Problem details: Look through the records below for the line with "Lot of Assorted Assembled Model Kits". Return that line and each one after it up to and including the line with "Tommy Bahama Frond", exactly.

Given data:
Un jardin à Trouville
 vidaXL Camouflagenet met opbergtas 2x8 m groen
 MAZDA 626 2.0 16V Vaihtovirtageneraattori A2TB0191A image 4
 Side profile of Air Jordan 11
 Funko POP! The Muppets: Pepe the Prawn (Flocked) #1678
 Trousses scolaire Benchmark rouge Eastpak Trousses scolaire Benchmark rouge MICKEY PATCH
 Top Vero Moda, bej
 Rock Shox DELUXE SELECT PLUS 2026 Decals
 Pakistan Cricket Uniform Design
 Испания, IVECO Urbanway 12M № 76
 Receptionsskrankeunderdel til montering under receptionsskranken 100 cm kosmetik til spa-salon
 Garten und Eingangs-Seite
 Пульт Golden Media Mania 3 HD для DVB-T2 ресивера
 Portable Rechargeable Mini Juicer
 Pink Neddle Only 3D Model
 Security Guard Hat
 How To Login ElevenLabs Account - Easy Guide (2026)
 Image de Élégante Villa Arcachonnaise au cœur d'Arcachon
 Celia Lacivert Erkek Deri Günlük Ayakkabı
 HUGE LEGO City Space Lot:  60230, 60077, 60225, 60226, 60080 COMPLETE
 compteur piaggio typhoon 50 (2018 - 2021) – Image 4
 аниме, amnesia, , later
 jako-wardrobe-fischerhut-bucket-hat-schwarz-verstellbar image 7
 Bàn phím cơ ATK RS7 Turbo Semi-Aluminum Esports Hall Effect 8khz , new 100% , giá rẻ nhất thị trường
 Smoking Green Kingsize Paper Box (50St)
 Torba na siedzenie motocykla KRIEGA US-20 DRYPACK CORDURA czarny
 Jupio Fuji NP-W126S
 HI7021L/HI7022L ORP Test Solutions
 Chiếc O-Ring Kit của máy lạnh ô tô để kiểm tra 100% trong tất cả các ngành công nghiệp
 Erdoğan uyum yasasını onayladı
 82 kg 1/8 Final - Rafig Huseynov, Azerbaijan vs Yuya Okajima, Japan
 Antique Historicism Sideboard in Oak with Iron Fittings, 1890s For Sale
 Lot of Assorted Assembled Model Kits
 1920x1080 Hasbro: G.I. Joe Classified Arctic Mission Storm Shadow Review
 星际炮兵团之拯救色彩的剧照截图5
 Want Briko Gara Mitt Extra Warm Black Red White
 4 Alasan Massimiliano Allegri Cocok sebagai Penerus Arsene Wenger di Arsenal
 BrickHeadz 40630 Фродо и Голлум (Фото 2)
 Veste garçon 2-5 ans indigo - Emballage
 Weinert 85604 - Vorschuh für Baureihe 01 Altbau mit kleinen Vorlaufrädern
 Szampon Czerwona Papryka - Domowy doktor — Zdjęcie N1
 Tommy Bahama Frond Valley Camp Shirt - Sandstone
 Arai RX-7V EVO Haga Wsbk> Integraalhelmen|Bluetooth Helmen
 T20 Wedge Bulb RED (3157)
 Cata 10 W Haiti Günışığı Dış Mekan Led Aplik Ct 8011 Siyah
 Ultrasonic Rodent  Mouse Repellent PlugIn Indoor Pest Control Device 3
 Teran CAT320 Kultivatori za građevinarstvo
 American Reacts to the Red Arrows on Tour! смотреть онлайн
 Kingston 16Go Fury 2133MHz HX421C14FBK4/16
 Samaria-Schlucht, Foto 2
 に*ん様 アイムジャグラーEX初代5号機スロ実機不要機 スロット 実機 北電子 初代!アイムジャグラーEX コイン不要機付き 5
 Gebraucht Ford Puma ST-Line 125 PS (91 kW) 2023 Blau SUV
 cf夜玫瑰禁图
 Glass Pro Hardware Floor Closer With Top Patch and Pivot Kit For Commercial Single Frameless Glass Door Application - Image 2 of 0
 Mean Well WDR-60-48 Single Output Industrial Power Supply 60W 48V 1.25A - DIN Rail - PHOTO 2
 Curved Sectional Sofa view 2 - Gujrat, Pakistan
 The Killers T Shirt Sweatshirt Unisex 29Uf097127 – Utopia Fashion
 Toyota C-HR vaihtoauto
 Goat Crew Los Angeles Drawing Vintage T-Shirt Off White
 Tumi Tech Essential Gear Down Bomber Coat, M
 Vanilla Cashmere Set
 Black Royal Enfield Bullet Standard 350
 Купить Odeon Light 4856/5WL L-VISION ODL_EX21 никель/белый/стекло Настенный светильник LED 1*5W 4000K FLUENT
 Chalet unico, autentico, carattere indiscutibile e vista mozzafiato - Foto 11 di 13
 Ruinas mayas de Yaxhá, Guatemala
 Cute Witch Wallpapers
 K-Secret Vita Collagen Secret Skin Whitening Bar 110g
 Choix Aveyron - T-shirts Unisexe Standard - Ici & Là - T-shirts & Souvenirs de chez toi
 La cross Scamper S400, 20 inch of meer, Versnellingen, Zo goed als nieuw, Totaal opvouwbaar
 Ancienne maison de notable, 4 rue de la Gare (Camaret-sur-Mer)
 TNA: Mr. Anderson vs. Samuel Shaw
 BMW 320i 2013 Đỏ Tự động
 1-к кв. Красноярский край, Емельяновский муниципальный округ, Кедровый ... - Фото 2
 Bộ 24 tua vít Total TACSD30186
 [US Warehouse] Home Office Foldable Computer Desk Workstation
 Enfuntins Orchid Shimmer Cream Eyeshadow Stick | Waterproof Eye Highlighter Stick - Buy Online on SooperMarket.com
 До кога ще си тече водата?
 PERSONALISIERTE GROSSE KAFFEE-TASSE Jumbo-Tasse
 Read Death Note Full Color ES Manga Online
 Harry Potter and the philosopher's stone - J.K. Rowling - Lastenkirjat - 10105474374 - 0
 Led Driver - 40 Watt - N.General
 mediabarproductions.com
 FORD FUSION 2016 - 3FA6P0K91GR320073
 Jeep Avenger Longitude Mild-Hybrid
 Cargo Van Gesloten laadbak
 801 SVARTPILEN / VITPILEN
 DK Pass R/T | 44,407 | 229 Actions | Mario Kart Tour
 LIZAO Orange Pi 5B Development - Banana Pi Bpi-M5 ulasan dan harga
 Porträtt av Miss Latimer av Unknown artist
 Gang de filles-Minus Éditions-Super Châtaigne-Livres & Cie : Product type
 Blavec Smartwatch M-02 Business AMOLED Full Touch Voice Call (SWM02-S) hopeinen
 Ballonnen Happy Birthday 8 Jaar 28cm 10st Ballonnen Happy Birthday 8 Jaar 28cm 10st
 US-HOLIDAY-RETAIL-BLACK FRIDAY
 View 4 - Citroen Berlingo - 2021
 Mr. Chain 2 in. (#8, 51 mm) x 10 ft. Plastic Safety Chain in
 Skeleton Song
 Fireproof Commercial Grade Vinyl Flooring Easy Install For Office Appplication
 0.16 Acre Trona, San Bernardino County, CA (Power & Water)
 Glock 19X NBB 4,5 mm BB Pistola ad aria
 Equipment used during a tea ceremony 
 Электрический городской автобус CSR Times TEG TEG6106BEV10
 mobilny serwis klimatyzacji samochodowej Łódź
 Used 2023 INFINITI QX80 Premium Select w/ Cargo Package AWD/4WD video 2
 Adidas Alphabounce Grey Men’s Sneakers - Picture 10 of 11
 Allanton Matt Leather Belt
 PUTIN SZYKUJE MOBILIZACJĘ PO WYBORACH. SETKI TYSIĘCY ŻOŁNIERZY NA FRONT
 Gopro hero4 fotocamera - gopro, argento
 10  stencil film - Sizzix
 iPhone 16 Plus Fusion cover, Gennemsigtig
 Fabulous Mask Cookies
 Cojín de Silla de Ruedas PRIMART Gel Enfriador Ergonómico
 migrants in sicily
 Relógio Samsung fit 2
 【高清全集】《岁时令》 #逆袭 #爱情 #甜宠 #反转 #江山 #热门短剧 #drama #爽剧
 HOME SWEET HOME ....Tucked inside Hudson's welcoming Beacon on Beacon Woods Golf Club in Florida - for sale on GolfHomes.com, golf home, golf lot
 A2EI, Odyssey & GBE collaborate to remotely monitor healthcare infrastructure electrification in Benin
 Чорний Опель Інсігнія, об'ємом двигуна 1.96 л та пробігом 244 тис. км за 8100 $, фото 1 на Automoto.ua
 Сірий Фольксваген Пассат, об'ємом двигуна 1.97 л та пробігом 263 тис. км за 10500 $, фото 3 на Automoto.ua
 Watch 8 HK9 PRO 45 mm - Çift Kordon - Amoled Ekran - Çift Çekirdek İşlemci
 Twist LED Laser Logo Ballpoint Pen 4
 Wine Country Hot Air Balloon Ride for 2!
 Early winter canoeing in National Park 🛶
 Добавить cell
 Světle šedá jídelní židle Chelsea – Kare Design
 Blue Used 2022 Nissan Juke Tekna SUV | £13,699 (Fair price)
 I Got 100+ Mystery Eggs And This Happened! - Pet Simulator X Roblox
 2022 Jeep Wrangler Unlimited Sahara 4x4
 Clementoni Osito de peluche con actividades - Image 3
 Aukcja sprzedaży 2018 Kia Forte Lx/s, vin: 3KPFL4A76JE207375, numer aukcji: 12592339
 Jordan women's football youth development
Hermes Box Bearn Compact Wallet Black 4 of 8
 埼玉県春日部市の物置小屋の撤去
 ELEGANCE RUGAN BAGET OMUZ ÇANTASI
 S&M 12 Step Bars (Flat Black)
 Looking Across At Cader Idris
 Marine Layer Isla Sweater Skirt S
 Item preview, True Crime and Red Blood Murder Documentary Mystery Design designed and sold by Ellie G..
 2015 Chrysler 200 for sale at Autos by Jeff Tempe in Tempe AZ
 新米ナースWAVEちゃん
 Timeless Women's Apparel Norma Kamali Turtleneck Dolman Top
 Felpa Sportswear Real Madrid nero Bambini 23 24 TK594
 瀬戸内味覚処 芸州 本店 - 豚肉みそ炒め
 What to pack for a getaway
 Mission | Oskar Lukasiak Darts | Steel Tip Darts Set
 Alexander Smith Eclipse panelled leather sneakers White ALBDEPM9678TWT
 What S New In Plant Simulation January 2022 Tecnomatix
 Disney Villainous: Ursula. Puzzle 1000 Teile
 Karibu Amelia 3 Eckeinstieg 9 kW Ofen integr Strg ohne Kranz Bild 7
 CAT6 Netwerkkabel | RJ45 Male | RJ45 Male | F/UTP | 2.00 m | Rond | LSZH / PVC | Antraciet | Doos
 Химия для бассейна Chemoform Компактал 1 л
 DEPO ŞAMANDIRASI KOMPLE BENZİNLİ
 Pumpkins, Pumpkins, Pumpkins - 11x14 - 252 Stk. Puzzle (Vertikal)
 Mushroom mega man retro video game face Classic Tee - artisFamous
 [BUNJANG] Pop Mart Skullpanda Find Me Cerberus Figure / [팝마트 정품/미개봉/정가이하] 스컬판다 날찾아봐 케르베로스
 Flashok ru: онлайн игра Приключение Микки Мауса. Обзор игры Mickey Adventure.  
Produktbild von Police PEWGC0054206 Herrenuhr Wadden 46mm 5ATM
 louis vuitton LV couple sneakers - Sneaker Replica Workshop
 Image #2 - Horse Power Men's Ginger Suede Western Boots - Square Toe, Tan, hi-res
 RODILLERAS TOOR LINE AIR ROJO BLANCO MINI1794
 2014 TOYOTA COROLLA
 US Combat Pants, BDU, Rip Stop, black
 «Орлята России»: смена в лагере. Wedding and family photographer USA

Answer section:
 Lot of Assorted Assembled Model Kits
 1920x1080 Hasbro: G.I. Joe Classified Arctic Mission Storm Shadow Review
 星际炮兵团之拯救色彩的剧照截图5
 Want Briko Gara Mitt Extra Warm Black Red White
 4 Alasan Massimiliano Allegri Cocok sebagai Penerus Arsene Wenger di Arsenal
 BrickHeadz 40630 Фродо и Голлум (Фото 2)
 Veste garçon 2-5 ans indigo - Emballage
 Weinert 85604 - Vorschuh für Baureihe 01 Altbau mit kleinen Vorlaufrädern
 Szampon Czerwona Papryka - Domowy doktor — Zdjęcie N1
 Tommy Bahama Frond Valley Camp Shirt - Sandstone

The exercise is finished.